To help your child deal with fears and anxieties:
- Recognize that the fear is real. As trivial as a fear may seem, it feels real to your child and it’s causing him or her to feel anxious and afraid. Being able to talk about fears helps — words often take some of the power out of the negative feeling. If you talk about it, it can become less powerful.
- Never belittle the fear as a way of forcing your child to overcome it. Saying, “Don’t be ridiculous! There are no monsters in your closet!” may get your child to go to bed, but it won’t make the fear go away.
- Don’t cater to fears, though. If your child doesn’t like dogs, don’t cross the street deliberately to avoid one. This will just reinforce that dogs should be feared and avoided. Provide support and gentle care as you approach the feared object or situation with your child.
- Teach them how to rate fear. A child who can visualize the intensity of the fear on a scale of 1 to 10, with 10 being the strongest, may be able to “see” the fear as less intense than first imagined. Younger kids can think about how “full of fear” they are, with being full “up to my knees” as not so scared, “up to my stomach” as more frightened, and “up to my head” as truly petrified.

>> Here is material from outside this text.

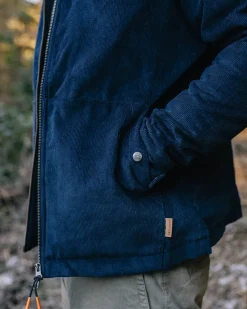 Alder Cord Jacket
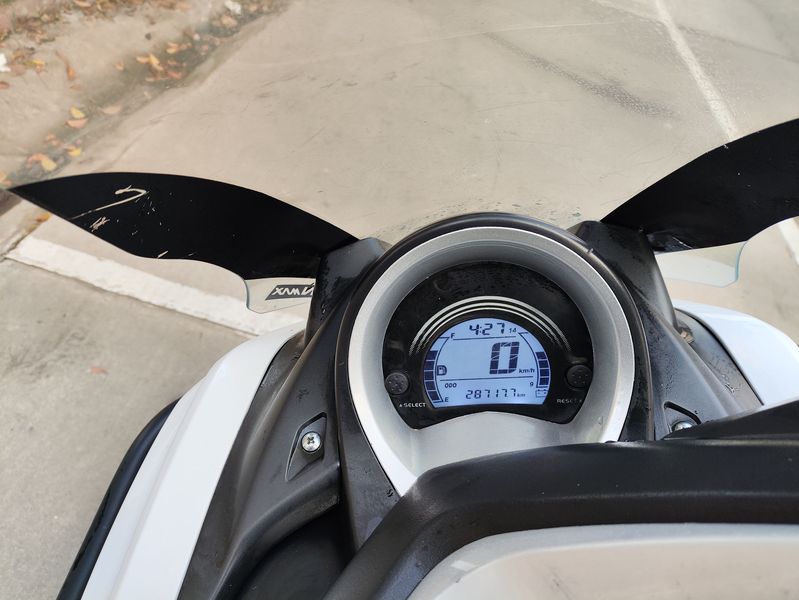 二手立雅猛兽150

- Teach coping strategies. Try these easy-to-implement techniques. Using you as “home base,” your child can venture out toward the feared object, and then return to you for safety before venturing out again. Children also can learn some positive self-statements (such as “I can do this” and “I will be OK”) to say to themselves when feeling anxious. Relaxation techniques are helpful, including visualization (of floating on a cloud or lying on a beach, for example) and deep breathing (imagining that the lungs are balloons and letting them slowly deflate.
So back to The Gruffalo, a book which can be used as an introduction to that all important family discussion about fears. We all have them!
Here are some ideas that you might want to use to start a discussion with your family.
- 1.Do you think that the fox, owl and snake are afraid of the Gruffalo?
- 2.If everyone is afraid of the Gruffalo, why does the Gruffalo run away from the mouse?
- 3.Are you surprised that a creature as big and powerful as the Gruffalo can be scared?
- 4.When you are scared what can you do to help deal with your fear?
- 5.Does talking about something that you are frightened of, or about, help you to feel better?
- 6.If you had to make up a fantastical creature to scare someone, or something away, what would
it look like? - 7.Who, or what would you like your creature to scare away?